Superman comic book goes for $15 million at auction

Superman comic book goes for $15 million at auction

Mohan Sinha
15 Jan 2026, 14:21 GMT+

NEW YORK CITY, New York: A rare copy of the first Superman comic book, which was also once stolen from the home of actor Nicolas Cage, fetched a record US$15 million at an auction late last week.

The previous record price for a comic book at an auction was $9.12 million, last November, for a copy of "Superman No. 1″.

Manhattan-based Metropolis Collectibles/Comic Connect negotiated the Action Comics sale. It said the comic book's owner and the buyer wished to remain anonymous.

When it first came out in 1938, the comic sold for 10 cents.
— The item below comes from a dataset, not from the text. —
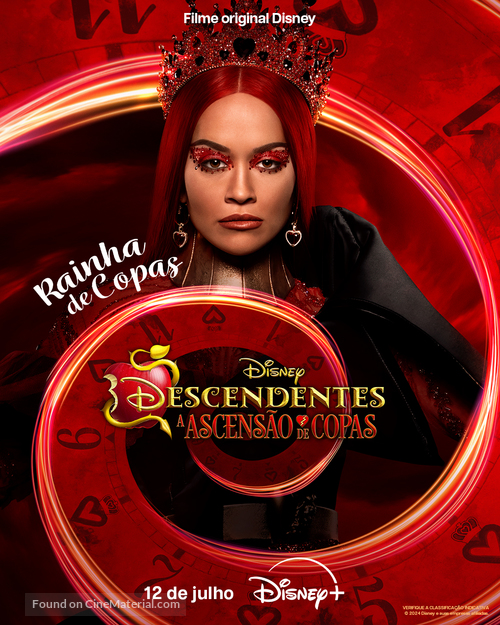 Descendants: The Rise of Red - Brazilian Movie Poster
Over a few panels, it told the origin story of Superman's birth on a dying planet, his journey to Earth, and his decision as an adult to "turn his titanic strength into channels that would benefit mankind."

Its release marked the start of the superhero genre. Only about 100 copies of Action Comics No. 1 are known to exist, according to Vincent Zurzolo, president of Metropolis Collectibles/Comic Connect.
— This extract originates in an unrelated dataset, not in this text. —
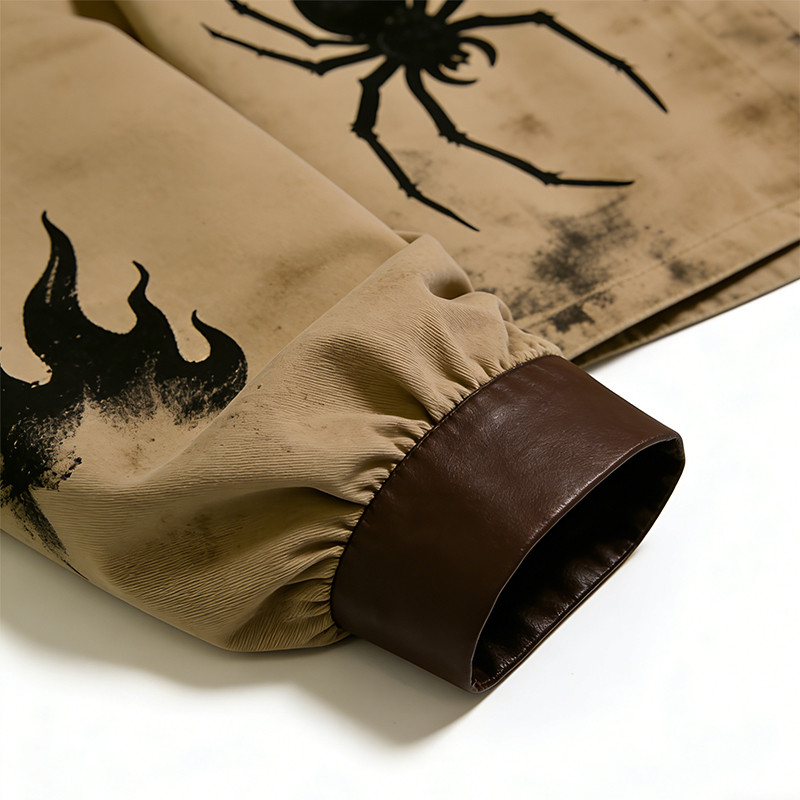 Custom Tech Cargo Digital Spray Print Jacket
"This is one of the Holy Grails of comic books. Without Superman and his popularity, there would be no Batman or other superhero legends," Zurzolo said. He added that the comic's importance is shown by its sale, which broke the previous price record.

The comic was stolen from Nicolas Cage's home in Los Angeles in 2000 but was recovered in 2011 after a man found it in items he bought from an old storage locker in southern California. It was later returned to Cage, who had bought it in 1996 for $150,000. Six months after getting it back, he sold it at auction for $2.2 million.

Stephen Fishler, CEO of Metropolis Collectibles/Comic Connect, said the theft actually helped raise the comic's value.

"During the 11 years it was missing, its value shot up," Fishler said. "The thief ended up making Nicolas Cage a lot of money by stealing it."

Fishler compared it to the theft of the Mona Lisa from the Louvre Museum in Paris in 1911.

"It was kept under the thief's bed for two years," Fishler noted. "The recovery of the painting made the Mona Lisa go from being just a great Da Vinci painting to a world icon — and that's what Action No. 1 is — an icon of American pop culture."